(Data shown):

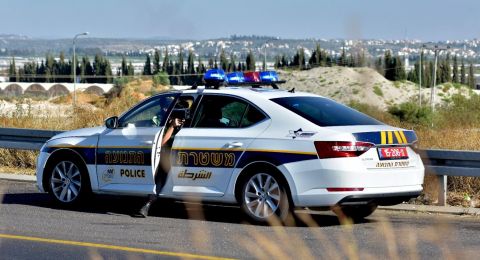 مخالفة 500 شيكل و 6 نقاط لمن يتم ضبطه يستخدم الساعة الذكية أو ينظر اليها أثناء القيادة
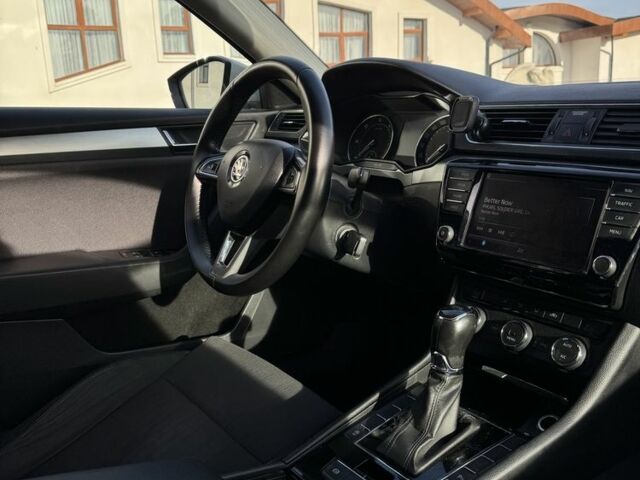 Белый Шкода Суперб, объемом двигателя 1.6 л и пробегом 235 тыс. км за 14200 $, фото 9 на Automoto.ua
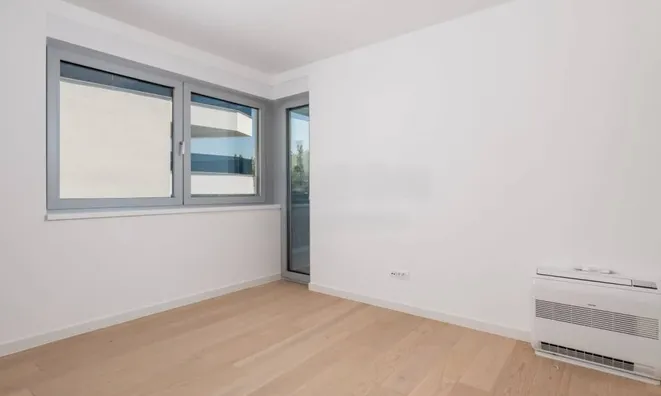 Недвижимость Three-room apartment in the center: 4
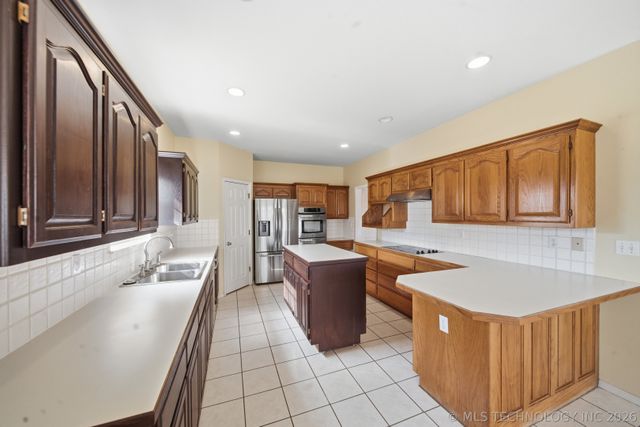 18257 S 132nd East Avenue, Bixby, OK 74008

(What this task involves): The reply should hold every line of the material above, unchanged, and no pictures.

(Result below):
 مخالفة 500 شيكل و 6 نقاط لمن يتم ضبطه يستخدم الساعة الذكية أو ينظر اليها أثناء القيادة
 Белый Шкода Суперб, объемом двигателя 1.6 л и пробегом 235 тыс. км за 14200 $, фото 9 на Automoto.ua
 Недвижимость Three-room apartment in the center: 4
 18257 S 132nd East Avenue, Bixby, OK 74008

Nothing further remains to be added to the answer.